Paragraph 39 of TR 98/1 deals specifically with incorporated entities and clarifies that the earnings method is preferred except where that method gives an `artificial, unreal and unreasonably burdensome method of arriving at the income derived'. Furthermore, paragraph 53 provides;

    The larger the business structure, the more likely is the reliance on employees and capital equipment to generate income and the more likely the earnings method of account is appropriate. In this regard, the size and function of any related entity should be taken into consideration.

Application of the law to your circumstances

The Taxpayer Company (the Company) is an incorporated entity that relies on employees to supply services to the Australian Security Industry. The major operations of the entity are selling Voice Services (the Service) as per their Services Agreement (the Agreement).

The Service is a security product, an inbound service that security alarm systems utilise to report events to a monitoring centre. The security monitoring service transmits alarm data from monitored premises to the Company's control room using a telecommunications Network Provider (the Provider).

Services and payment is in accordance with the Agreement which stipulates services are ordered, supplied and billed against the nominated accounts.

As provided by the Agreement, the Company must maintain a minimum call volume each month to be entitled and paid a rebate for qualifying calls. Failure to maintain this minimum call volume may result in the Company being charged. Before calls can be invoiced and paid the Provider must reconcile which calls qualify by manually analysing data to generate a report based on specific call parameters.

The Company have information indicating the number of calls however this information does not include which calls qualify for a rebate as this is only available to the Provider. Once the reconciliation is completed the Provider raises and forwards a Recipient Created Tax Invoice (RCTI) to the Company.

Until the reconciliation is completed and the RCTI raised the amount is not known, only upon receiving the RCTI is the amount quantifiable and ascertained by the Company. The Network then arrange an electronic funds transfer of the amount to a nominated account within 28 days following the end of the month in which the amounts are earned.

Conclusion

The size and structure of the incorporated entity, together with its reliance on employees, are indicators that the earnings method of accounting is the most appropriate. As this is the method of accounting that will give a substantially correct reflex of income under the circumstances. Once the telecommunications company completes the manual report for qualified calls and raises a RCTI a `recoverable debt' is created (a presently existing right to demand payment), the Company will have become entitled to an ascertainable income amount on performance of an agreed task.

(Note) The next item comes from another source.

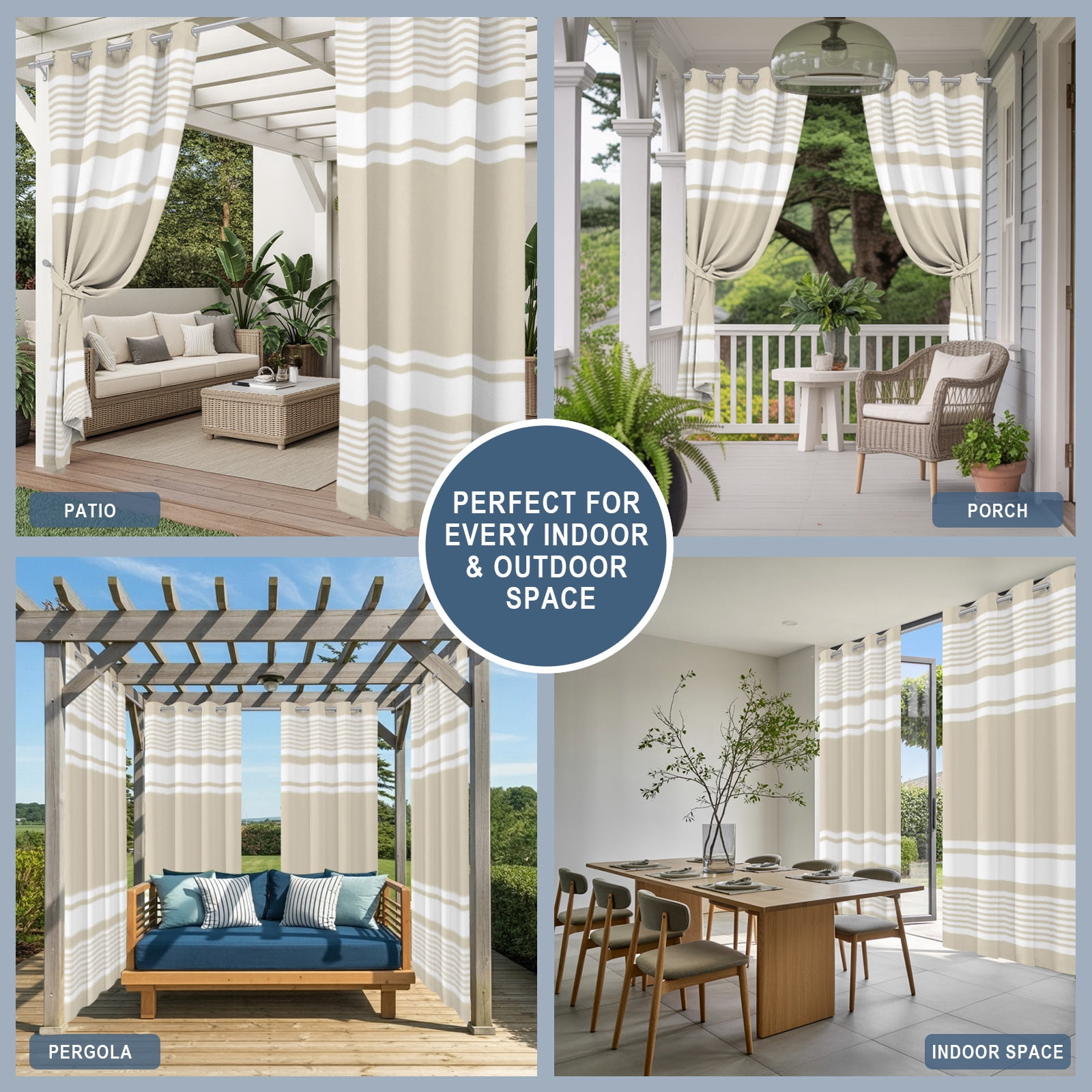 Farmhouse Beige Striped Outdoor Curtains for Patio, Modern Minimalist Stripes Abstract Sunshade Privacy Drapes Grommet Waterproof Outside Curtains for Porch/Cabana/Balcony 54"x 108", 1 Panel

The mere existence of a payment agreement, allowing for deferral of payment until after the provision of services, cannot be regarded as a contingency which defers derivation of the sale amount. A payment arrangement does not alter the income transaction and therefore it is not considered that the contractual requirement to provide payment of the RCTI within 28 days following the end of the month in which the amounts are earned will defer the point at which income is derived. The RCTI cannot be regarded as a contingency which defers derivation of the payment amount.